Quick start

These are the only things you need to do:

pip install bauplan --upgrade
  • Set up your username and authentication key (please, make sure you have both before starting)

bauplan --profile default config set api_key "your_bauplan_key"

Alternatively, you can manually create a ~/.bauplan/config.yml file with the following structure:

profiles:
  default:
    env: prod
    api_key: "my_bauplan_key"
    project_dir: .

Explore the data catalog

We pre-loaded some data for you so let’s start by looking at it in the data catalog using the CLI.

This command will show you the Iceberg tables in the main branch in the data lake.

bauplan branch get main

We can then explore the schema of the tables in the data catalog. The important tables for this tutorial are taxi_fhvhv and taxi_zones (here you can have a look of the datasets).

bauplan table get taxi_fhvhv
bauplan table get taxi_zones

Run a query

You can query the data directly in the data lake using the CLI:

bauplan query "SELECT max(tips) FROM taxi_fhvhv WHERE pickup_datetime = '2023-01-01T00:00:00-05:00'"
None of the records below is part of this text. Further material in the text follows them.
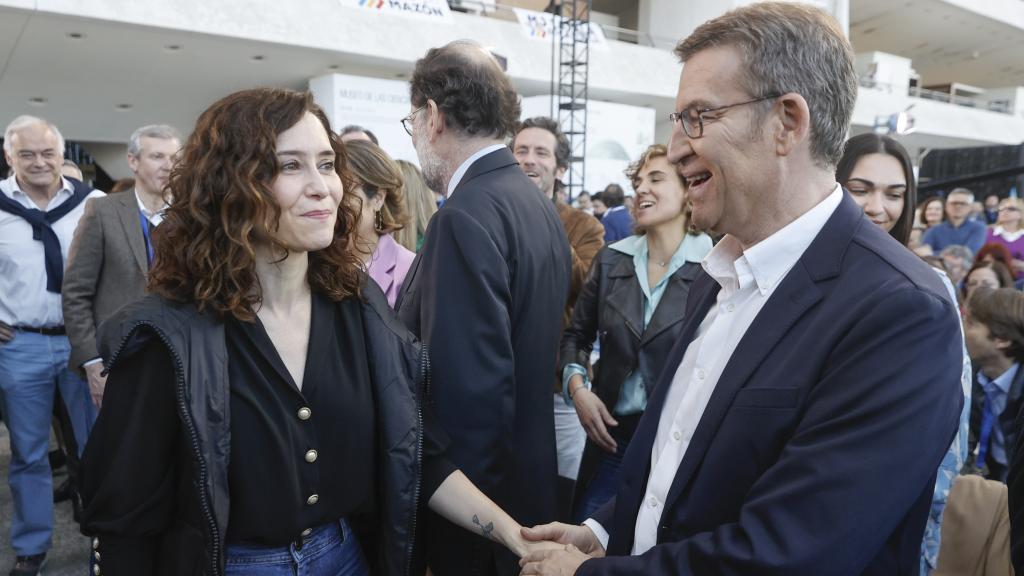 El líder del PP, Alberto Núñez Feijóo (d), saluda a la presidenta de la Comunidad de Madrid, Isabel Díaz Ayuso (i).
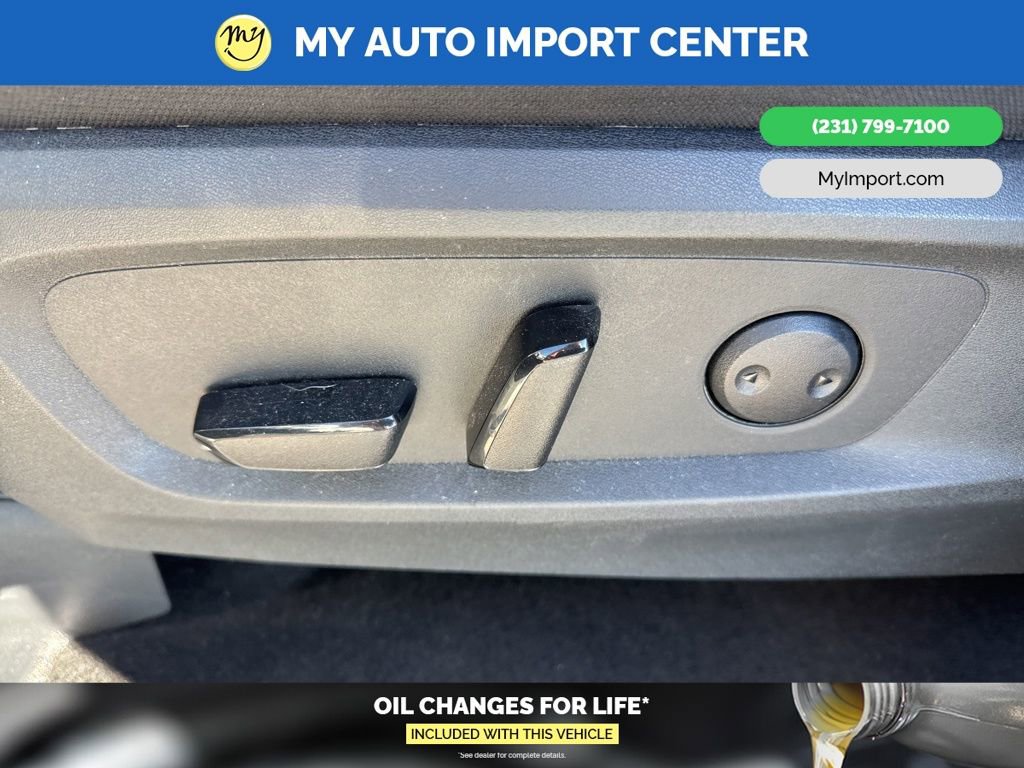 Used 2024 Nissan Pathfinder SV image 12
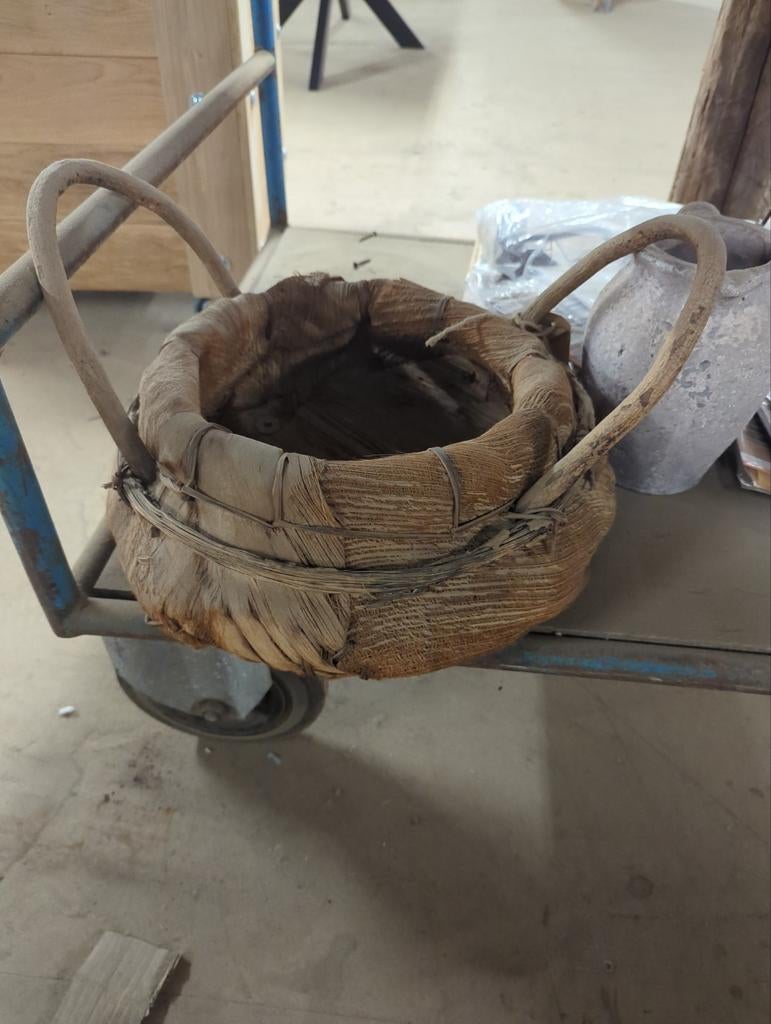Vintage rieten mand met handvatten, Ophalen of Verzenden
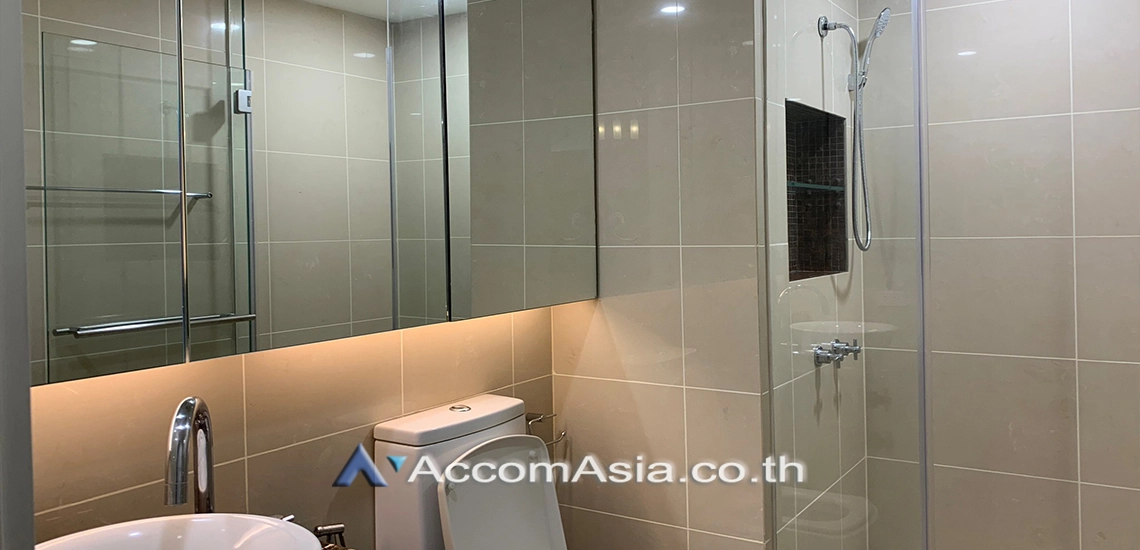 13  2 br Condominium For Rent in Silom ,Bangkok BTS Sala Daeng - MRT Silom at The Legend Saladaeng AA28282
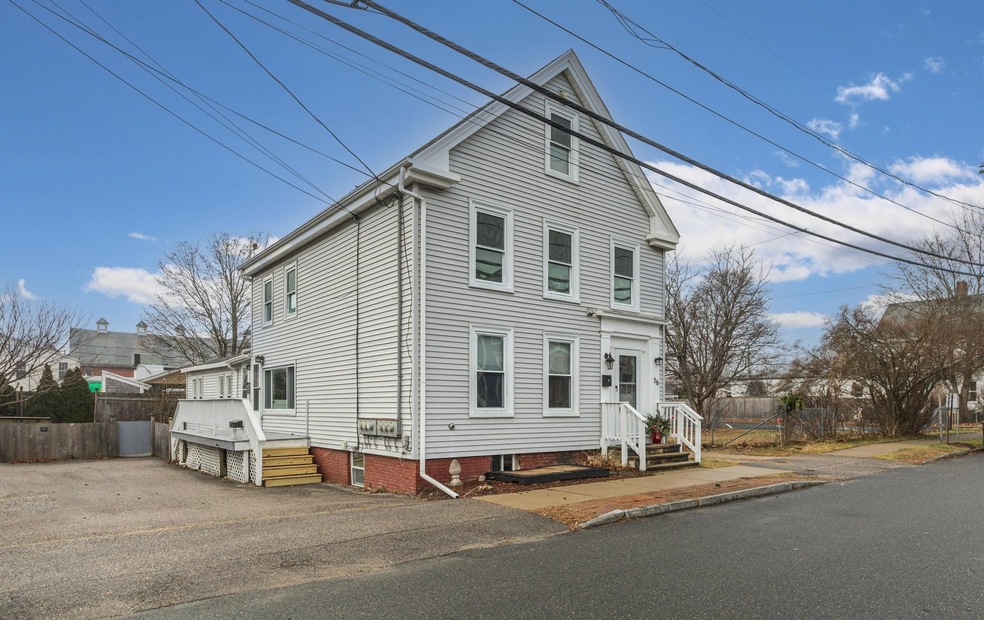 56 Cass St unit 2, Portsmouth, NH 03801 - photo 1
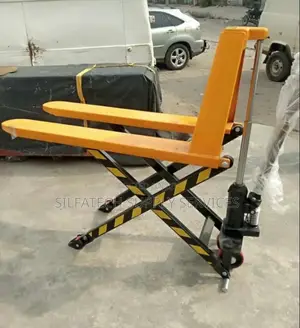 Scissors Lift Pallet Type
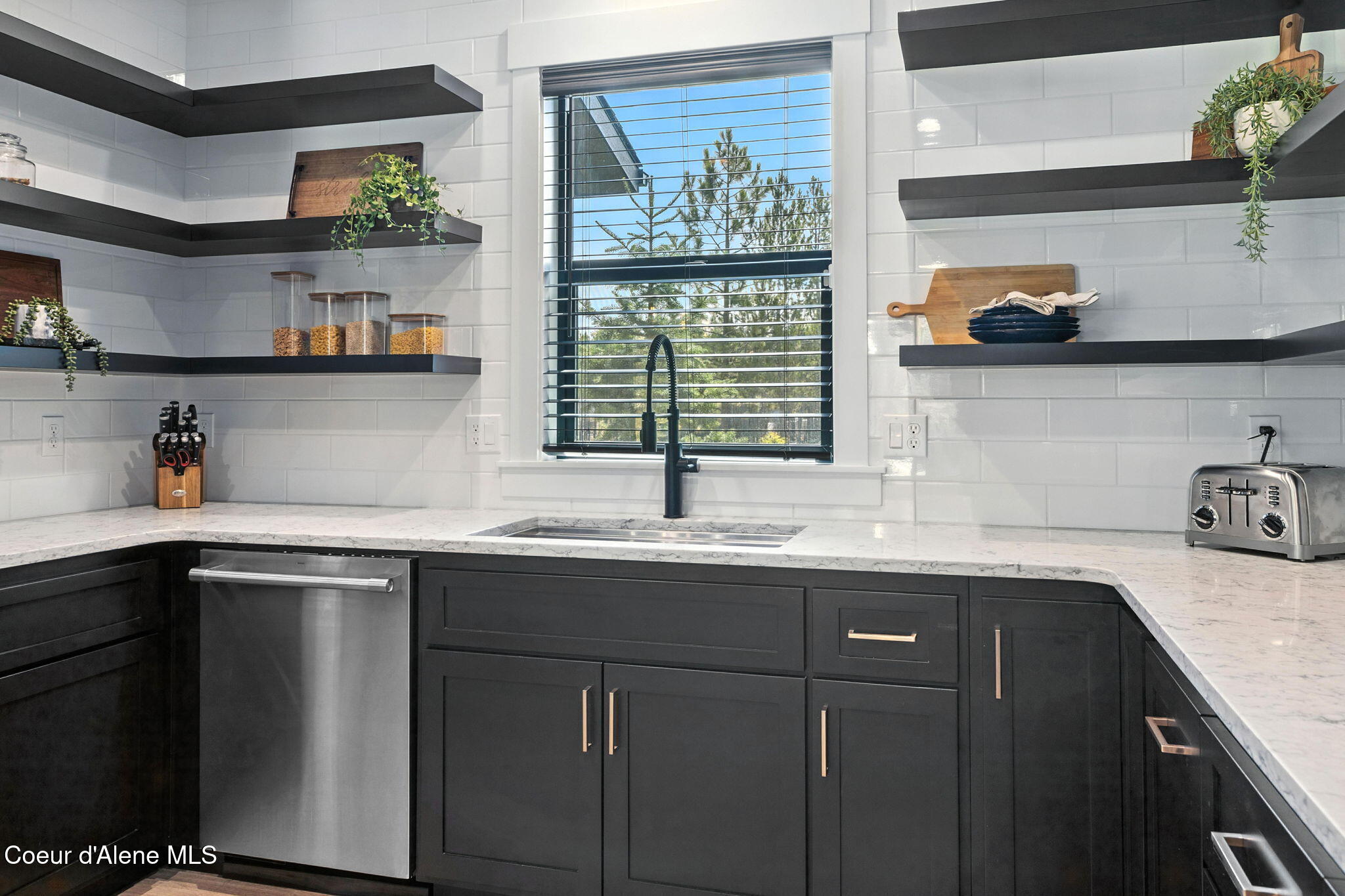 20283 N Crooked Rock Ln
The results will be visualized in your terminal (we will show how to use different interfaces than the CLI later in the tutorial ).

Run a pipeline

Go into the folder quick_start, and run our demo pipeline. You should see the terminal updating in real-time as the code is executed.

cd quick-start
bauplan run

👏👏 Congratulations, you just ran your first Bauplan pipeline! In this example, you ran a very simple pipeline composed of two Python functions:

flowchart LR id0[(taxi_fhvhv)]-->id2[models.trips_and_zones] id1[(taxi_zones)] --> id2[models.trips_and_zones] id2[models.trips_and_zones]-->id3[models.normalized_taxi_trips]
What happens when we do bauplan.run?
  • Bauplan parsed the code in the file models.py,

  • built a logical plan based on the implicit dependencies between the nodes,

  • and ran the nodes of the pipeline as isolated functions in the cloud, while streaming back in real time.